Japan, the US and Singapore have been granted close to financial equivalence by the EU.
In addition, the UK also appears to want the power to grant financial equivalence to other countries; hence Barnier's sticking point. "I don't see the EU going for that," says Marx, "so they'll probably arrive at a point where the EU grants the UK close to financial equivalence, but they are unlikely to give them the right to grant financial equivalence themselves."
Are the clouds lifting?
While the game playing continues between London and Brussels, there are signs that both business and consumer confidence have improved slightly since the decisive election of Boris Johnson in December 2019 and the exit from the EU at the end of January.
The recent Bank of England-backed Decision Maker Panel survey by Nottingham and Stanford universities "showed an uptick in investment expectations", according to the Financial Times. "In the three months to January, the surveyed businesses [3 000 in total] said they expected investment in the year ahead to grow 4.6% in financial terms, up from 2.4% in the previous three months," reported the newspaper.
Marx adds: "This is quite a big survey and they've said that investment expectations of businesses in the UK have increased - 4.6% is quite significant for an economy as mature as the UK."
Consumer confidence also improved in January, although it's still negative at -9%. "But that could change as things start normalising in the UK economy and once business investment starts coming in," she notes.
Investment implications for South Africa?
First and foremost, says Nxedlana, it's important for any South African client looking for global, offshore exposure to appreciate that RMB Private Bank's approach is to "position ourselves in such a way that we diversify from any regional or national idiosyncrasies. So we'll give exposure to the US, to the UK, to continental Europe and Asia Pacific. Which means that the way we do things means that our clients don't have to worry too much about Brexit-specific issues."

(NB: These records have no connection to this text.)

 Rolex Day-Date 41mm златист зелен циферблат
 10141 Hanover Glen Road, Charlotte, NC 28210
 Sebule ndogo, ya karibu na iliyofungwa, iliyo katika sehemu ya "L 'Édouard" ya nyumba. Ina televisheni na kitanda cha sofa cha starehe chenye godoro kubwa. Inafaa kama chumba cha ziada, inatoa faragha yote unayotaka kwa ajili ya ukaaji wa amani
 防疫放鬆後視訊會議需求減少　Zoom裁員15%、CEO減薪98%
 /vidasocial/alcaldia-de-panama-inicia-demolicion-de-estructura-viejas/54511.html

While it's interesting to read the Financial Times and understand the reach of these British issues, "from our perspective and for South African investors seeking offshore exposure there is one word: diversify".
Marx agrees that sticking to your diversification strategy is essential.

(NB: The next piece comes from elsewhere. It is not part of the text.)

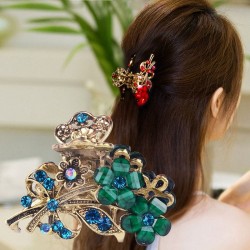 Elegant hair clip with crystal flowers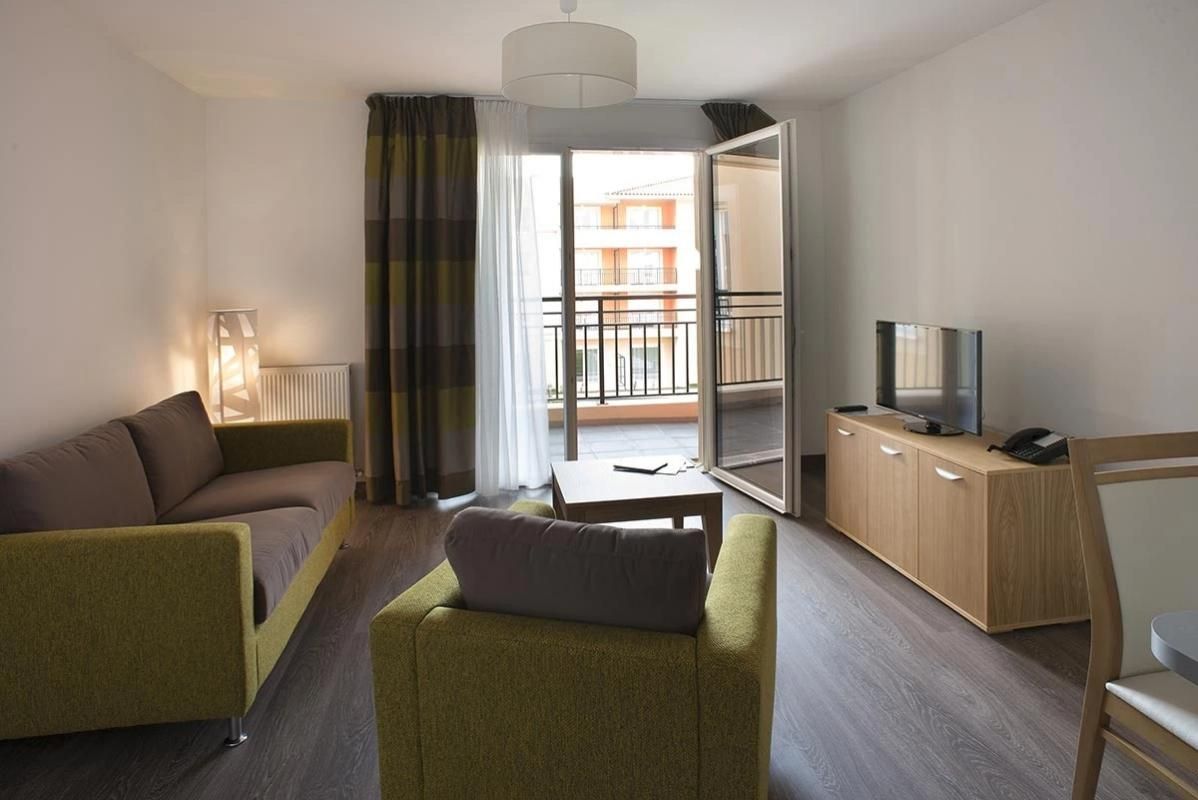 CAVAILLON Cavaillon - Appartement en résidence gérée -2 pièces 45 m² -147 350 Euros - 3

"And if that strategy includes offshore investment, and if you have an allocation to the UK, then there is no need to change that now as you will already have taken the pain. But you might not necessarily want to up your exposure yet, due to lingering uncertainties."
Over and above keeping a close eye on how the relationship between Britain and the EU plays out, Marx believes South African investors should be mindful of the exposure South Africa has, from a markets' perspective, to the UK economy.
"Some companies won't see an impact, because they are just dual listed, but a company like Quilter, which specialises in personal finance and investments in the UK market, will be heavily impacted if things deteriorate further. Conversely, it will also be positive for them when things start going better," says Marx. "South Africa also have a lot of retail exposure to the UK. Brait, for example, owns New Look and Iceland Foods, Foschini Group has Phase Eight and Truworths has Office where exposure is almost purely to the UK."
Finally, South Africa has notable exposure on the JSE to the UK property market, making an improvement in confidence critical.
While these are telling issues for South African investors with UK exposure, fundamentally Nxedlana believes that - relatively speaking - "there are much bigger elephants in the room, for us, than Brexit".